- Exercise data:
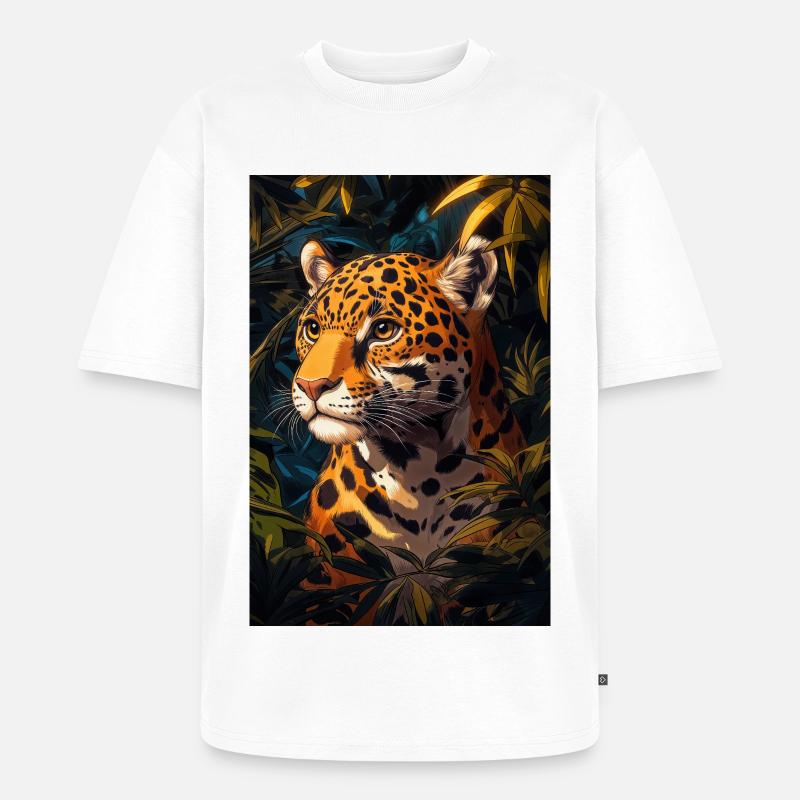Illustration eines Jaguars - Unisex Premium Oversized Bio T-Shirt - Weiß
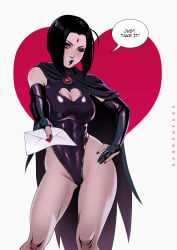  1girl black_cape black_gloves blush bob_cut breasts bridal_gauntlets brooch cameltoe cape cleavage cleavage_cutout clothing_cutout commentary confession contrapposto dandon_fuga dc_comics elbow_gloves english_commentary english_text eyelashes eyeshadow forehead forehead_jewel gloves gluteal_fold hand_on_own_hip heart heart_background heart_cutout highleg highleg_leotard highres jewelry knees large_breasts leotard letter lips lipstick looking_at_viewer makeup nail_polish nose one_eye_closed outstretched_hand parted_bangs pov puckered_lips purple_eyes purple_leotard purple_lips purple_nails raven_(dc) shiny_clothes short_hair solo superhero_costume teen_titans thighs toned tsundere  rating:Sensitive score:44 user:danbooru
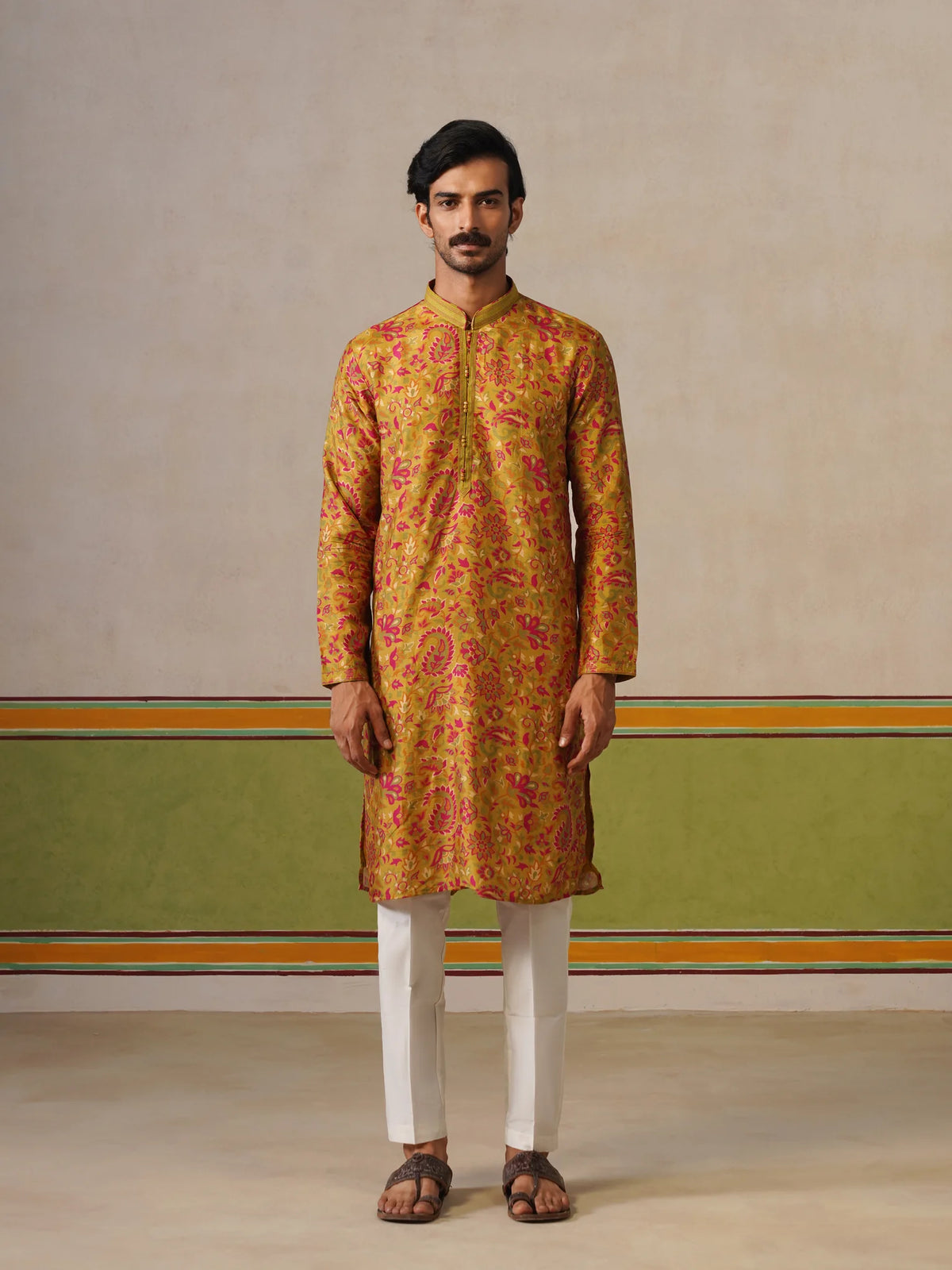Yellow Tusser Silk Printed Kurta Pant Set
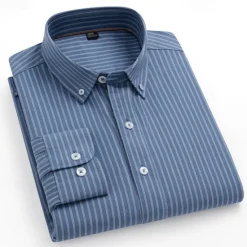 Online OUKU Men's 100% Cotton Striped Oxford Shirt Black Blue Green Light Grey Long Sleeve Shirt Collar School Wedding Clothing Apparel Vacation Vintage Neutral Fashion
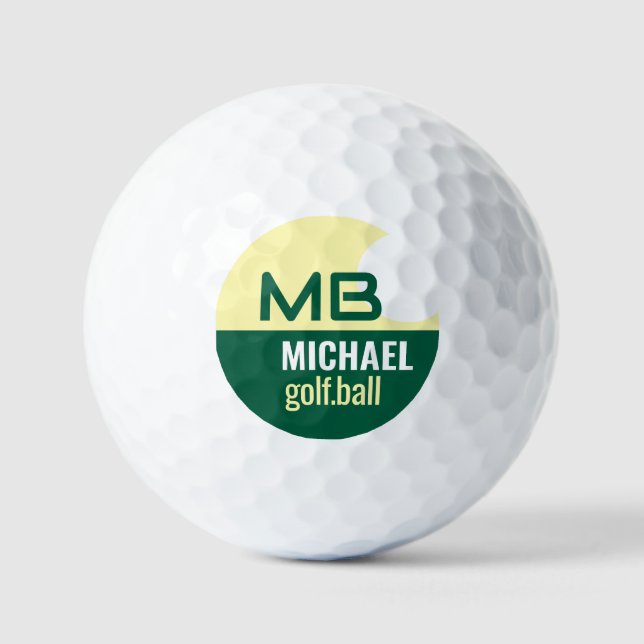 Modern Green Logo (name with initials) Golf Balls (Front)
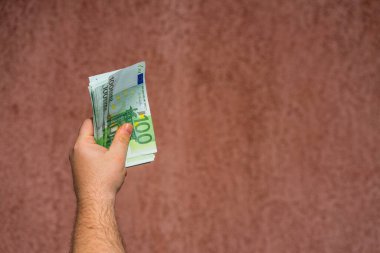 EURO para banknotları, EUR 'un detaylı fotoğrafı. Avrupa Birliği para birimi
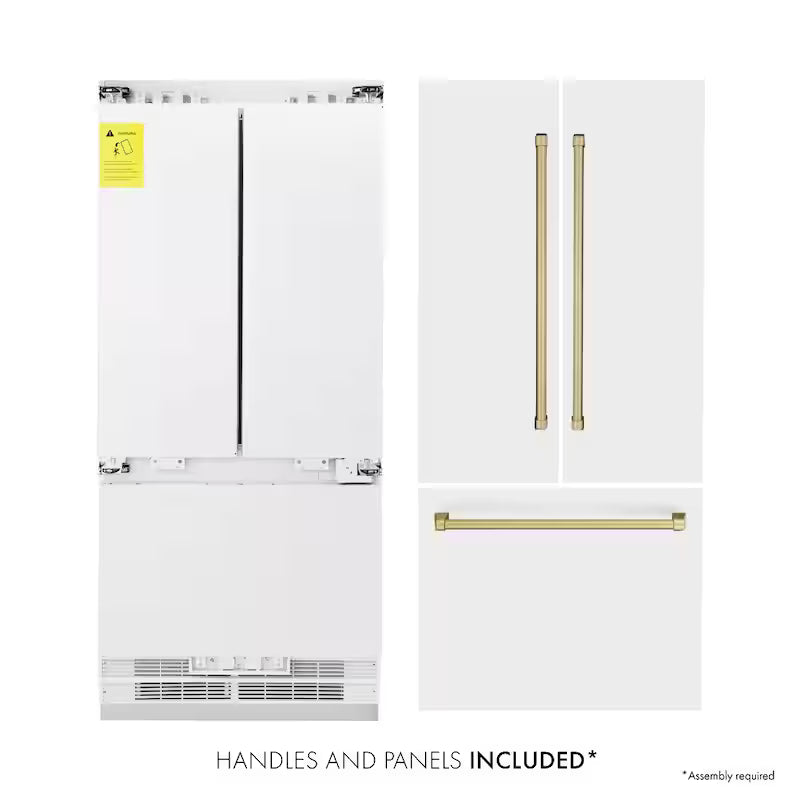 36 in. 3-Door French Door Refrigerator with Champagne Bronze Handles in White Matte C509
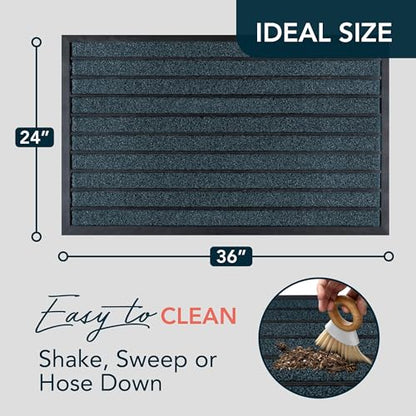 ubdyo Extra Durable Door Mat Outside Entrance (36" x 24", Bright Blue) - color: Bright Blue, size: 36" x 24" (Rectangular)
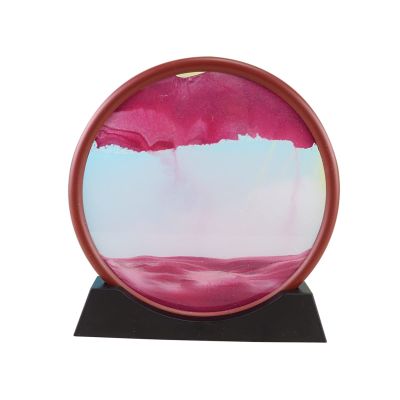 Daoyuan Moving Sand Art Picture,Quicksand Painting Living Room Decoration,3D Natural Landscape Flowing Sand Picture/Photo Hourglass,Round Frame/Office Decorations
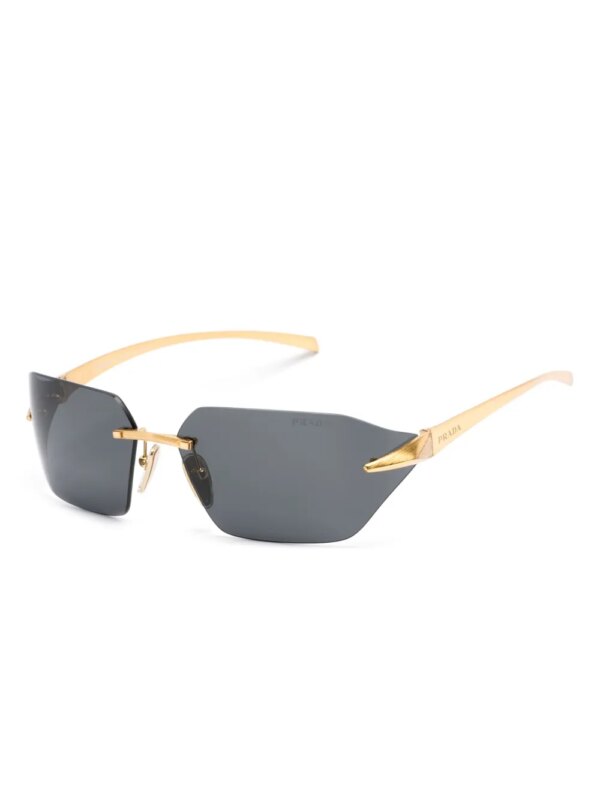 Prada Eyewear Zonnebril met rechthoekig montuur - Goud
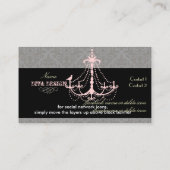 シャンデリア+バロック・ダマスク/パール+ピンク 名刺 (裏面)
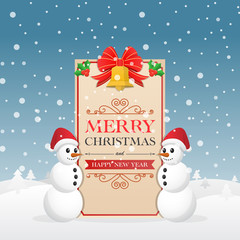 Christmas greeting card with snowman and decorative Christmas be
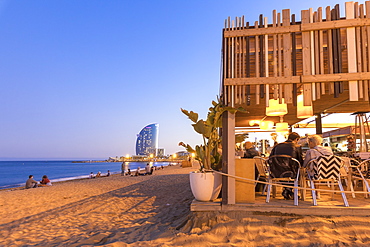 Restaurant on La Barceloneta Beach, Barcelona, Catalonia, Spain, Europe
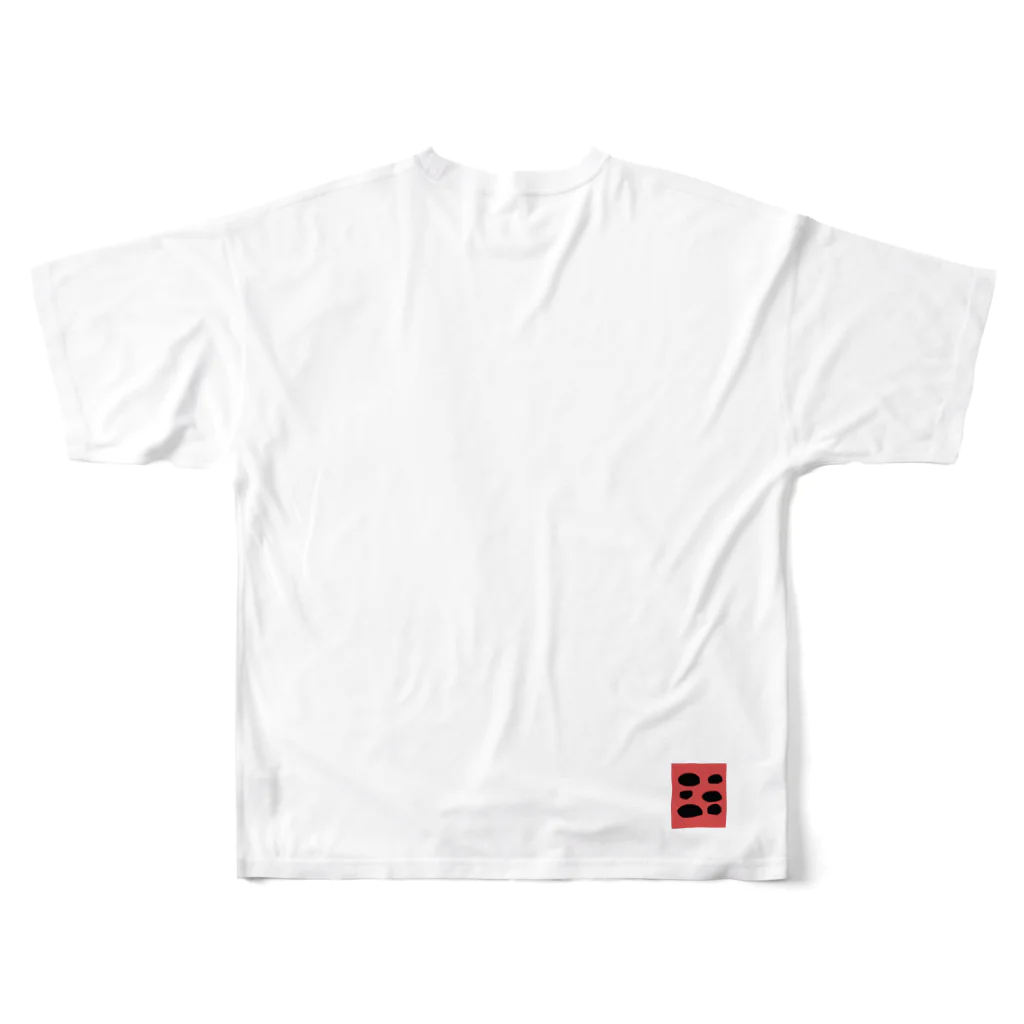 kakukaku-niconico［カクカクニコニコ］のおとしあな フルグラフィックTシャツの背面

- What the task requires: Write the data above out again exactly, minus its pictures.

- Response to the task:
Illustration eines Jaguars - Unisex Premium Oversized Bio T-Shirt - Weiß
  1girl black_cape black_gloves blush bob_cut breasts bridal_gauntlets brooch cameltoe cape cleavage cleavage_cutout clothing_cutout commentary confession contrapposto dandon_fuga dc_comics elbow_gloves english_commentary english_text eyelashes eyeshadow forehead forehead_jewel gloves gluteal_fold hand_on_own_hip heart heart_background heart_cutout highleg highleg_leotard highres jewelry knees large_breasts leotard letter lips lipstick looking_at_viewer makeup nail_polish nose one_eye_closed outstretched_hand parted_bangs pov puckered_lips purple_eyes purple_leotard purple_lips purple_nails raven_(dc) shiny_clothes short_hair solo superhero_costume teen_titans thighs toned tsundere  rating:Sensitive score:44 user:danbooru
Yellow Tusser Silk Printed Kurta Pant Set
 Online OUKU Men's 100% Cotton Striped Oxford Shirt Black Blue Green Light Grey Long Sleeve Shirt Collar School Wedding Clothing Apparel Vacation Vintage Neutral Fashion
 Modern Green Logo (name with initials) Golf Balls (Front)
 EURO para banknotları, EUR 'un detaylı fotoğrafı. Avrupa Birliği para birimi
 36 in. 3-Door French Door Refrigerator with Champagne Bronze Handles in White Matte C509
 ubdyo Extra Durable Door Mat Outside Entrance (36" x 24", Bright Blue) - color: Bright Blue, size: 36" x 24" (Rectangular)
 Daoyuan Moving Sand Art Picture,Quicksand Painting Living Room Decoration,3D Natural Landscape Flowing Sand Picture/Photo Hourglass,Round Frame/Office Decorations
 Prada Eyewear Zonnebril met rechthoekig montuur - Goud
 シャンデリア+バロック・ダマスク/パール+ピンク 名刺 (裏面)
 Christmas greeting card with snowman and decorative Christmas be
 Restaurant on La Barceloneta Beach, Barcelona, Catalonia, Spain, Europe
 kakukaku-niconico［カクカクニコニコ］のおとしあな フルグラフィックTシャツの背面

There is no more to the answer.